The real purpose of this book isn't revealed until late into it. "The idea of climate change," Hulme writes at page 326, "should be seen as an intellectual resources around which our collective and personal identifies and projects can form and take shape. We need to ask not what we can do for climate change, but to ask what climate change can do for us." According to Hulme, climate change can do a lot: "Because the idea of climate change is so plastic, it can be deployed across many of our human projects and can serve many of our psychological, ethical, and spiritual needs" (p. 329).

In other words, socialists like Hulme can frame the global warming issue in such as way as to achieve seemingly unrelated goals such as sustainable development, income redistribution, population control, social justice, and many other items on the liberal/socialist wish-list.

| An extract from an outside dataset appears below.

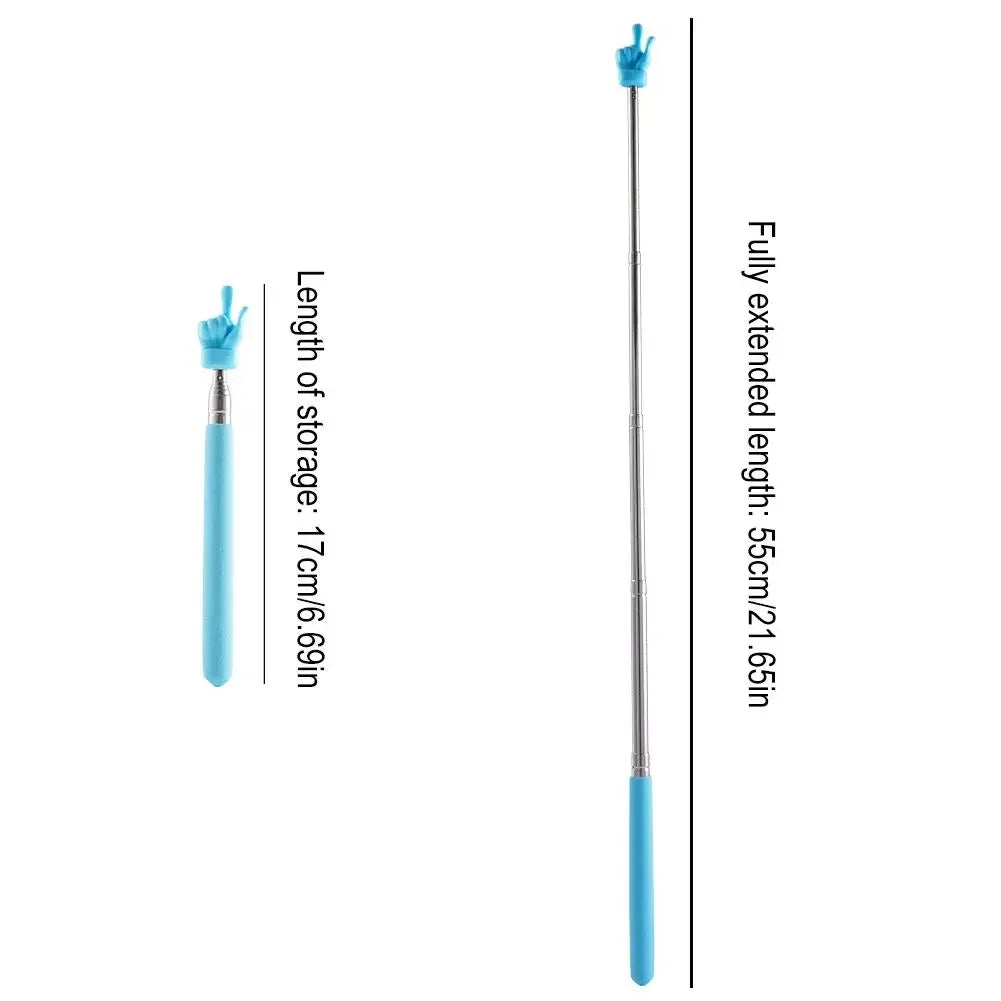 Retractable Teacher Pointer Finger Design StainlessSteel Telescopic School Teaching Pointer Stick Teacher Supplies For Classroom Zpaxo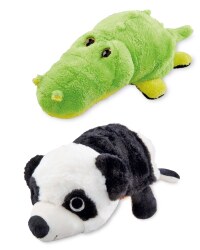 Crocodile/Panda Turnaround Plush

Like the notorious Stephen Schneider, who once said "we have to offer up scary scenarios make simplified, dramatic statements, and make little mention of any doubts one might have . . . . Each of us has to decide what the right balance is between being effective and being honest," Hulme says "we will continue to create and tell new stories about climate change and mobilise them in support of our projects" (p. 330). These "myths," he writes, "transcend the scientific categories of ‘true' and ‘false'" (p. 341). He suggests that his fellow global warming alarmists promote four myths, which he labels Lamenting Eden, Presaging Apocalypse, Constructing Babel, and Celebrating Jubilee.

It is troubling to read a prominent scientist who has so clearly lost sight of his cardinal duty -- to be skeptical of all theories and always open to new data. It is particularly troubling when this same scientist endorses lying by others to advance his personal political agenda.

Read this book if you want insight into the mind of a scientist who has surrendered all moral authority to speak truthfully about global warming. Avoid it if you are looking for a book that explains why we disagree about climate change.

Joseph Bast is President of The Heartland Institute, a nonprofit research organization based in Chicago, and editor of Climate Change Reconsidered: The 2009 Report of the Nongovernmental International Panel on Climate Change (Heartland Institute, 2009).